Uh, not quite following you here. Answer to what?
Turns out she's responding to the first question. Krall will continue to respond to various questions in fits and starts in no particular order throughout the interview.
She is asked who her influences are. Joni Mitchell is one. After some prompting, Willie Nelson ("majorly Willie Nelson"). After responding to another question, "Ravel or Peter Frampton or Billy Joel or Sting or Marvin Gaye."
Krall says she likes to think of herself as open-minded, and she's as good as her word -- her list of influences would give many a jazz purist an apoplectic attack. While she obviously loves jazz music, Krall dislikes feeling confined by arbitrary limits on what is "jazz."

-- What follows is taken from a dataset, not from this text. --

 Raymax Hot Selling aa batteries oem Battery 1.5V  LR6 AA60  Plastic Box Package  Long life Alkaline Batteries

Krall is blond, attractive and has a somewhat reluctant smile. We know this because it's impossible not to know it for anyone who has bought any of her CDs -- her picture is plastered all over the place. In fact, her three-song Christmas CD out this year has an entire calendar of nothing but Diana Krall photos. She has appeared on television ("Melrose Place") and will have a cameo in the Val Kilmer-Mira Sorvino movie "At First Sight" this spring.
"I have other projects, but I can't really say," she said. "I'm so superstitious -- I think, 'Oh, maybe they'll get rid of me.' "

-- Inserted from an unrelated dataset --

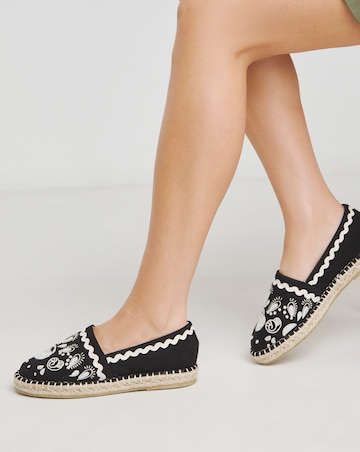 Simply Be Jenner Embroidered Espadrille Shoes - Extra Wide Fit (EEE)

But Krall resents any implication that she has risen to the top of the musical heap on her looks.
"People can criticize me and say, 'Oh, they've marketed her,' and that (ticks) me off. . . . When you rehearse for four hours with Ray Brown, it's not how good-looking you are. It's like, 'What have you got?' "
The consensus among critics is that Krall has got it -- something not lost on Utah audiences. Her Hilton show last year quickly sold out, prompting a two-night date this time around.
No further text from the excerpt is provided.